Saturday, February 19, 2011
Becoming a Statistic
I know I'm completely biased but I think my kids are the prettiest, funniest, smartest and most athletic kids on the planet. I guess it is a lot easier for me to say all that knowing that I didn't give birth to them and contributed absolutely nothing to their genetic make-up. I know some of their traits are unique to them as individuals but then I also know how so much of that stuff is passed on through the genes. I often find myself thinking about their biological parents and wondering what traits they may have possibly got from which parent. It also makes me sad because my little kids are so special in so many ways. Once their biological parents were special little kids too but somewhere a lot of wrong choices were made at very young ages. Now, they will forever live with those consequences. It makes me wonder what their parents lives would have been like had they grown up with different circumstances. In Michael Oher's book, he talked frequently about growing up in the ghetto and the challenges he faced just trying to avoid getting sucked into that life forever. A lot of what he said made me stop and think about how I cannot judge them and their mistakes. Of course, I KNOW that GOD doesn't want me to judge others but sometimes I find it hard to understand how people could make choices that would jeopardize them losing their children. It had never occured to me that it is just that, I DON'T KNOW because I have never lived a life of oppression and poverty. I know their parents loved them very much but they were not equipped with the skills to be successful parents.

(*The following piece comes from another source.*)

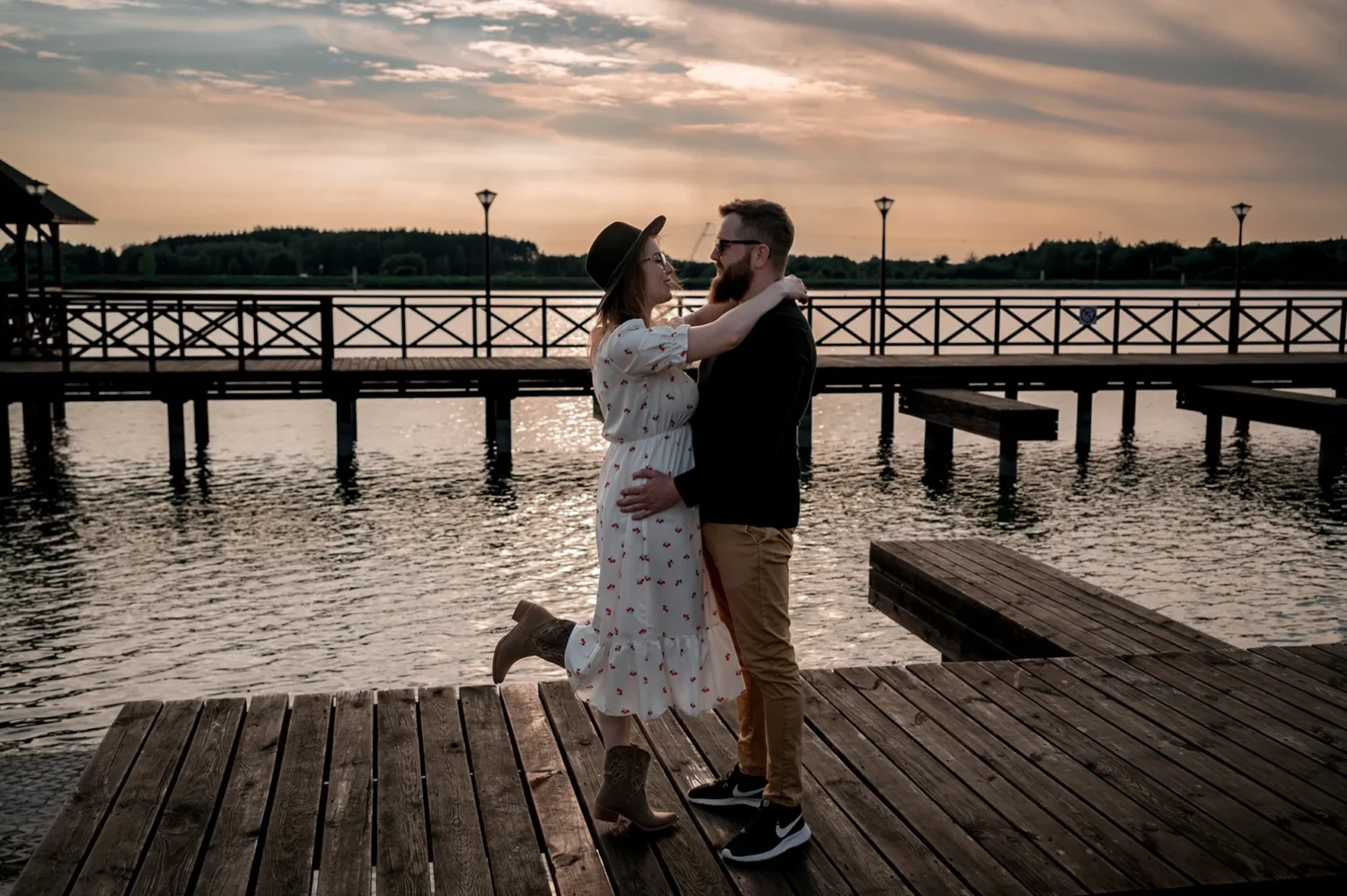 Sesja narzeczeńska Mileny i Piotrka nad Zalewem Zimna Woda w Łukowie w słoneczny dzień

They also had hard childhoods that lacked proper role models and structure. I pray for them frequently as I cannot imagine what the pain feels like to have lost your children to the state. I know "rescuing" or "saving" a child is often debated among adoption groups. However, I do feel like we rescued them from the vicious cycle of poverty. We are giving them the tools and resources to become successful and contributing members of society. What they decide to make out of their lives is up to them. However, I know in the depths of my heart they will become a statistic...a good one!